Senator Ludlam: That a URL, for the purposes of the way you are currently interpreting these requests, is content and not communications data?
Ms Smith: Correct.
Mr Wilkins: That is right.
Discussion then moved to the working group on the data retention proposals. That group may or may not have featured much involvement or consultation with the Privacy Commissioner. We might reasonably expect the Commissioner to have close involvement in the development of proposals that have major privacy implications and that, on the basis of committee hearings over the past three years, are highly controversial
Senator Ludlam: Can we go to the working group you mentioned earlier, Mr Negus. Could you spell out what its task is at this stage?
Mr Negus: I think Assistant Commissioner Gaughan mentioned the working group; I will pass it back to him.
Mr Gaughan: Initially it was to discuss some of the things that Mrs Smith has alluded to - the fact that there is no definition of a lot of the issues that are currently open for discussion and debate - and to try to come up with some terms and some words that everyone agreed to. We obviously still have some work to do with that, and the committee has come back to us a number of times in relation to some of those particular issues. The working group was also responsible for assisting and putting together the discussion paper that forms the basis of the PJCIS discussions at the moment.
Senator Ludlam: Are you able to provide for us the membership of the working group and what its standing is? Is it informal or does it have some standing?
Mr Gaughan: That is probably best answered by the department. Certainly, the AFP has a member in their group, but it is probably a question for Mrs Smith.
Mr Wilkins: Do you want us to answer questions on this? We might as well. There is no working group at the moment. It is basically in abeyance. We are basically waiting to see what comes out of the committee, and then we may reconstitute a working group.
Senator Ludlam: So there was a working group that was stood up to help produce that discussion paper and the terms of reference, and then it was stood down for the time being?
Ms Smith: No. What the working group did was look at the need to reform the legislation, as Mr Gaughan has said. It was about coming up with some of the challenges that the current legislation faced. The work on the terms of reference et cetera was done by a different group of people.
Senator Ludlam: Can you provide for us an idea of the working group when it was active; the membership and the duration that it worked for?

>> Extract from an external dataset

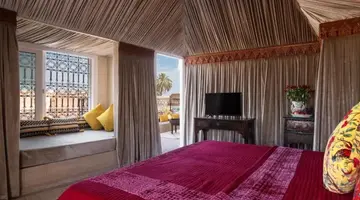 Riad Spice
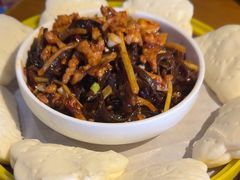 -田婆婆的菜(新天地店)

Ms Smith: It was essentially the Attorney-General's Department, the AFP, the Department of Broadband, Communications and the Digital Economy—
Senator Ludlam: You can put this in writing if you would prefer.
Ms Smith: Would you prefer us to take it on notice?

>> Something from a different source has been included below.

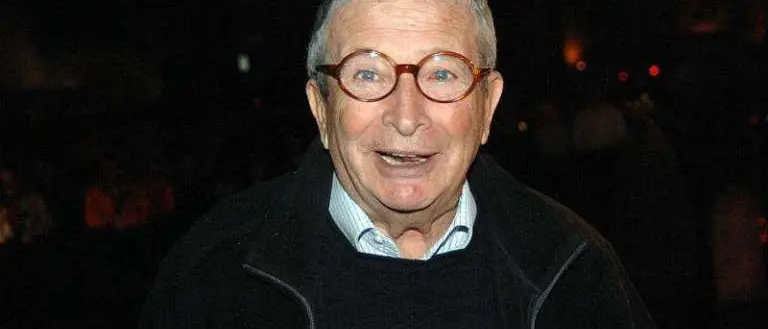 E’ morto il giornalista “calabrese” Luciano Rispoli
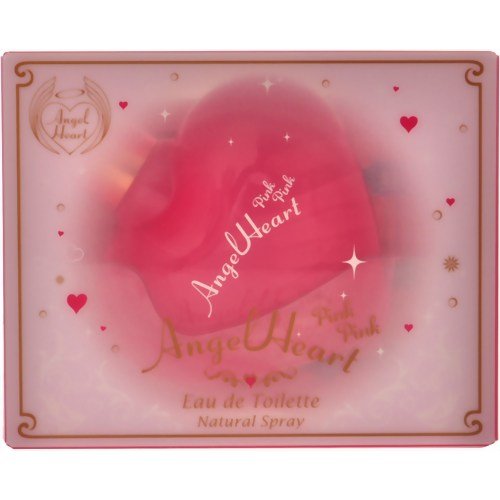 �G���W�F���n�[�g �G���W�F���n�[�g �s���N�s���N 50ml EDT SP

Mr Wilkins: We will take it on notice and make sure we get the names right.
Senator Ludlam: Particularly on the DBCDE about what officer they were represented by or at what level they were represented. What about the Privacy Commissioner?
Mrs Smith: We have certainly consulted the Privacy Commissioner on aspects.

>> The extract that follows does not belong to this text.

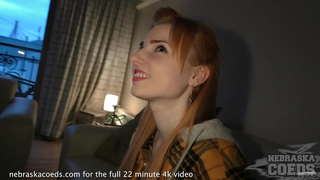 ολοκαίνουργιο κορίτσι τζίντζερ riki πρώτη φορά Βίντεο ρητή αυνανισμός με πλάνα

Senator Ludlam: Were they on the working group? Mrs Smith: I am not sure. We will take that matter on notice.
Senator Ludlam: You cannot recall if they were involved?
Mrs Smith: It was some time ago because we have moved into the PJCIS phase now. I will have to take that on notice.
Memories are short in A-G's, apparently.
Malcolm
Turnbull, the Law Institute of Victoria, senior barristers and bodies such as the Victorian Privacy
Commission ("the introduction of intrusive powers suggested in the Discussion Paper fails to achieve those tests of legitimacy, necessity, proportionality and effectiveness") have all expressed strong concern regarding the proposed legislation. The lack of detail, factual inaccuracies and inconsistencies in claims do not induce trust. The arrogance of the head of the Attorney-General's Department is disappointing. Uncertainty about whether there has been meaningful consultation with the Privacy Commissioner suggests that the Government's claims regarding its respect for privacy are hollow. If the Government doesn't think that the Privacy Commissioner is important, why should we?